**Task prompt:** Except for the pictures, reproduce the records word for word.

**Excerpted records:**

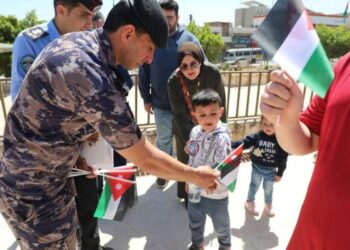 الأمن العام:جولات للتوعية بالتنزه الآمن والاحتفاء بيوم العلم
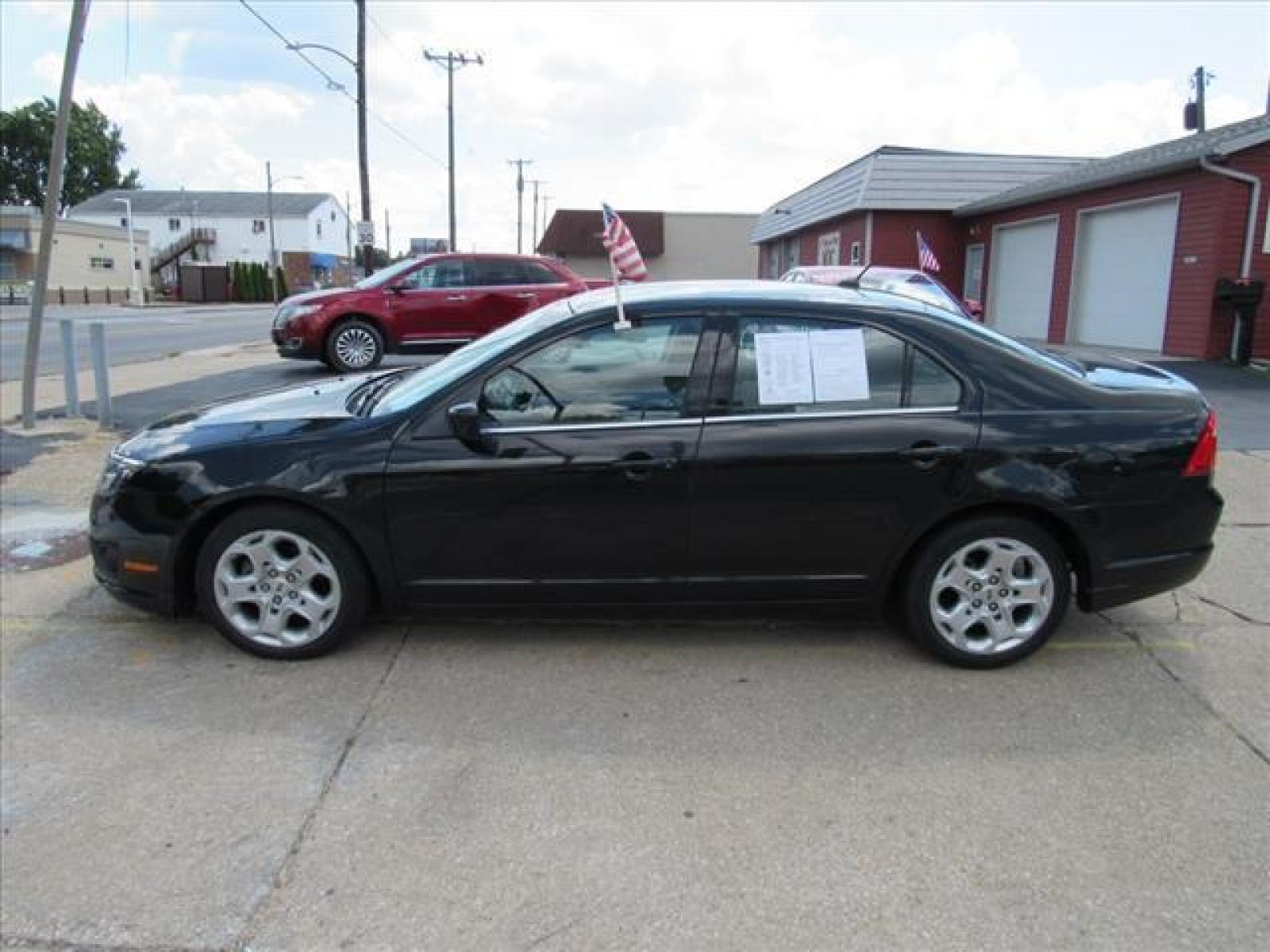 2011 Tuxedo Black Metallic Ford Fusion SE (3FAHP0HA3BR) with an 2.5 4 Cylinder Sequential Multiport Fuel Injection engine, 6-Speed Manual transmission, located at 5505 N. Summit St., Toledo, OH, 43611, (419) 729-2688, 41.654953, -83.530014 - Photo #17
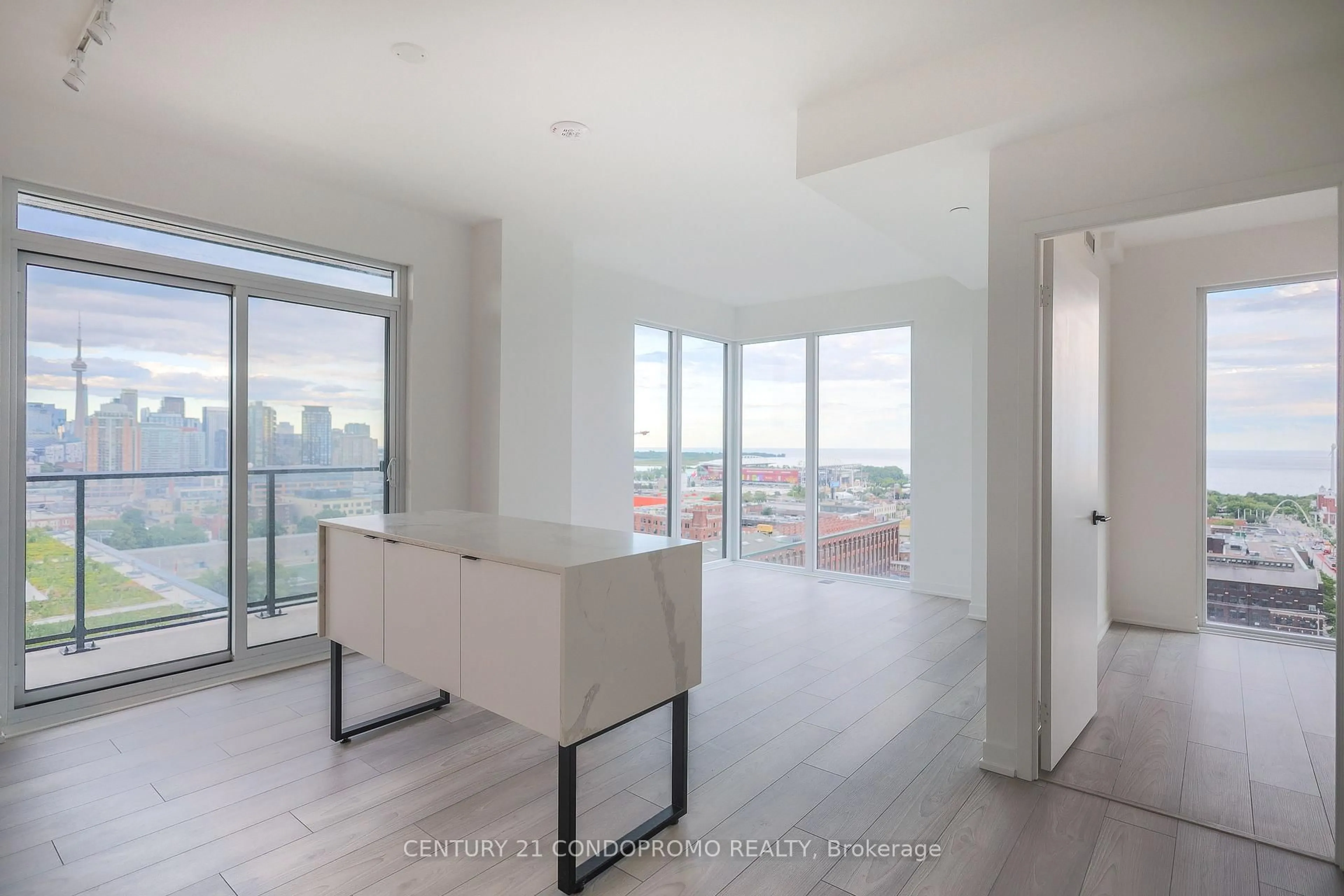 Unknown for 285 Dufferin St #1502, Toronto Ontario M6K 0J2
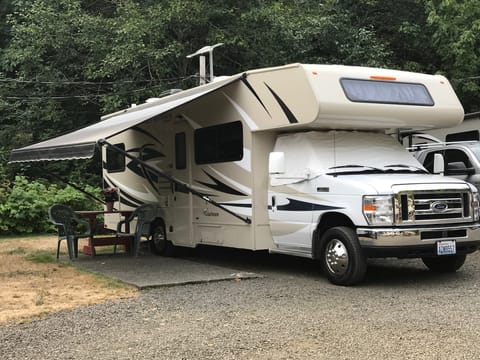 We love traveling in this RV.. and you will too! Vehículo funcional in Hood Canal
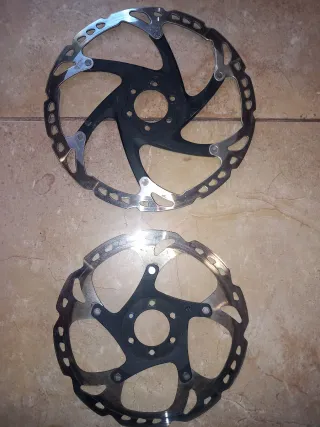 Frenos MTB Shimano Deore XT y Discos.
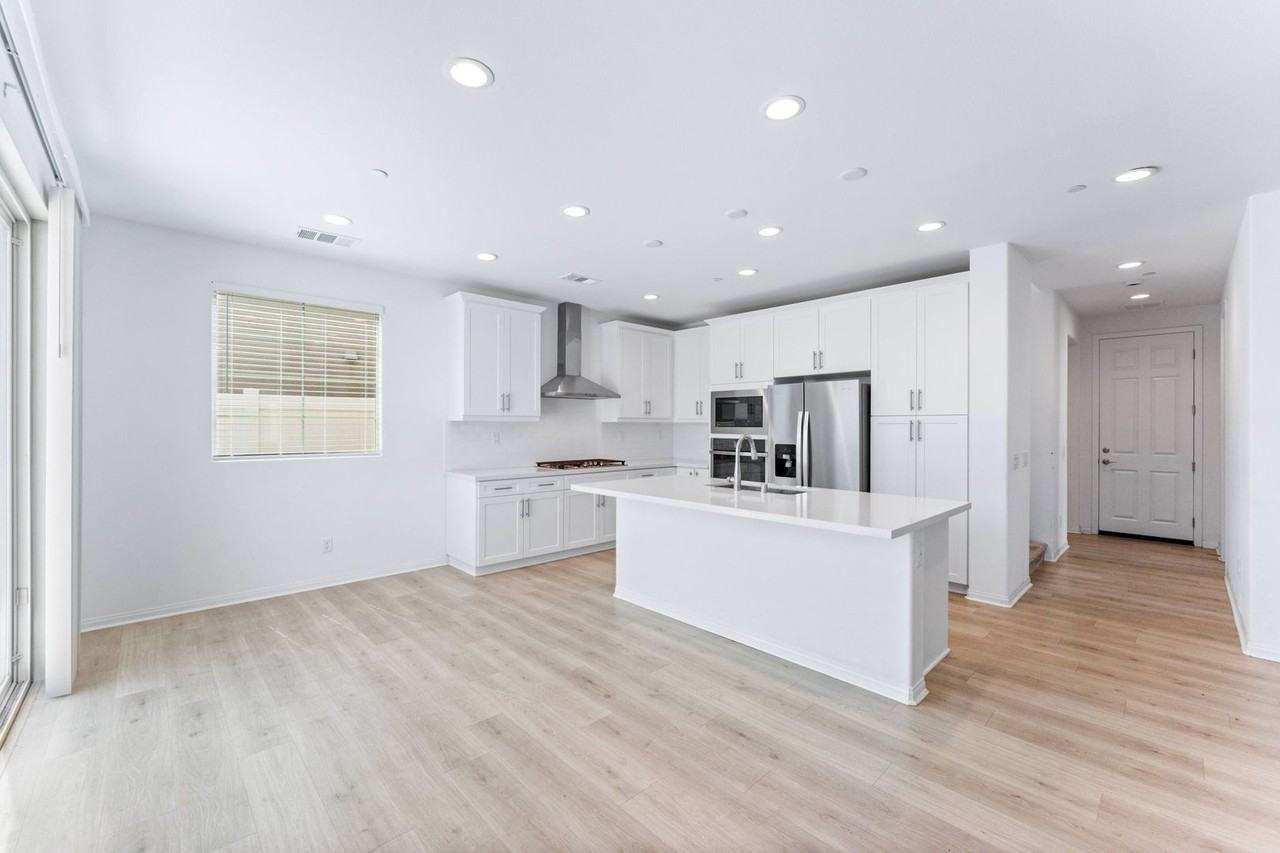 16616 Strategy Pl - Photo 5 of 36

**Result for this task:**
 الأمن العام:جولات للتوعية بالتنزه الآمن والاحتفاء بيوم العلم
 2011 Tuxedo Black Metallic Ford Fusion SE (3FAHP0HA3BR) with an 2.5 4 Cylinder Sequential Multiport Fuel Injection engine, 6-Speed Manual transmission, located at 5505 N. Summit St., Toledo, OH, 43611, (419) 729-2688, 41.654953, -83.530014 - Photo #17
 Unknown for 285 Dufferin St #1502, Toronto Ontario M6K 0J2
 We love traveling in this RV.. and you will too! Vehículo funcional in Hood Canal
 Frenos MTB Shimano Deore XT y Discos.
 16616 Strategy Pl - Photo 5 of 36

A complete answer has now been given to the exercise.